Quartley was particularly impressive in the second act as was Hunter’s dynamic with Quartley – Hunter was engaging as a desperate, caring and conflicted mother. Hunter was also strong in the first half as the character seemed more in control and when she spoke of her debauched husband. The lower class characters Regina and her father (Pip Donaghy) were differentiated through their Scottish accents. Hall demonstrated an excellent shift in character during the play from an affectionate maid to a furious woman who felt betrayed. Additionally, Drury’s Pastor offered some unexpected comedic moments through his outdated comments.
Simon Higlett’s set design was based on Edvard Munch’s (who created The Scream) 1906 paintings of a contemporary production of Ghosts set design. The whole play was set in one unchanging front room, which seemed spacious yet during more intense moments gave a sense of claustrophobia. The lighting was particularly well done: an effect of constant rain was achieved using a subtly moving light. The use of real candles and a lamp also added a sense of secrecy when, for example, Helen spoke of her husband to the Pastor.
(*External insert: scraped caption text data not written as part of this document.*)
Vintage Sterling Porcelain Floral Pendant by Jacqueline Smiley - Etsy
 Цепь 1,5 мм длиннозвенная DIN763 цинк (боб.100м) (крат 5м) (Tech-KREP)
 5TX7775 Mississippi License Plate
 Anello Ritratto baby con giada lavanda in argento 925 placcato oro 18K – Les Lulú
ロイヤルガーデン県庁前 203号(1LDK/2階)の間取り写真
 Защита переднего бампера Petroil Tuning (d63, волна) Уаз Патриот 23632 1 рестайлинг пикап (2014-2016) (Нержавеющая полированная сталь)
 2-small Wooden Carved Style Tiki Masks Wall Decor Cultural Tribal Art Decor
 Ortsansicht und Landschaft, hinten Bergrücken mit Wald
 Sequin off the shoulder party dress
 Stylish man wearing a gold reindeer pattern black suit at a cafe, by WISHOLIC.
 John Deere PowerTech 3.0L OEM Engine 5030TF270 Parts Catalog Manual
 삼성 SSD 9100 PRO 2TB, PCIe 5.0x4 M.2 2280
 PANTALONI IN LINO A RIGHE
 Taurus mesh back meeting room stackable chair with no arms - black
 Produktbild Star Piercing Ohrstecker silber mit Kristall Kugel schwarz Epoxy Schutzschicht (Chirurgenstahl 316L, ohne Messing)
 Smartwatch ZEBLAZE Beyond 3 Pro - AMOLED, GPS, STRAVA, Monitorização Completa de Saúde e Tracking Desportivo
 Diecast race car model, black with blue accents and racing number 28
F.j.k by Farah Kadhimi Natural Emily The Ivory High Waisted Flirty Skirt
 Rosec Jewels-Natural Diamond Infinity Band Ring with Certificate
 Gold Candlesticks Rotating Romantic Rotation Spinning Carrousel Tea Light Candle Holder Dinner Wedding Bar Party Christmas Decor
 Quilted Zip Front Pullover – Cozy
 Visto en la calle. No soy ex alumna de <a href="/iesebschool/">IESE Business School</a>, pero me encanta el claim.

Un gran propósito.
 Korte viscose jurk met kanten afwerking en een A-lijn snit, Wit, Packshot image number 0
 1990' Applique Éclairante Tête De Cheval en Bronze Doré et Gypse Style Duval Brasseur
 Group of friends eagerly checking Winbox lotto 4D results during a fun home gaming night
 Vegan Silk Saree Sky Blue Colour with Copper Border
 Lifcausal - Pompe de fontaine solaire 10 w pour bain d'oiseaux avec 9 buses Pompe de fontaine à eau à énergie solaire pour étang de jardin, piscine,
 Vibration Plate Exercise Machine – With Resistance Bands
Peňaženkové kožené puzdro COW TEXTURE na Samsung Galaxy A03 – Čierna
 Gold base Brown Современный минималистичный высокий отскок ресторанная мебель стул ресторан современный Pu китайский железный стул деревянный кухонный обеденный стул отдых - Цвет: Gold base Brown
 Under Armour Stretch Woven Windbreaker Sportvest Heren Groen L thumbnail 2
The background’s lighting effects were also impressive when creating dawn or the appearance of a fire.
Additionally, there was a constantly ticking grandfather clock which created tension during moments of silence. Visually, was a muted colour palette leaning towards murkier shades of brown, red, black and grey which worked with the darkness of the background. However the pacing of the production did seem mismatched. The second half was much swifter than the first causing imbalance. Aside from this Unwin’s Ghosts was a well-acted and designed interpretation of Ibsen’s play.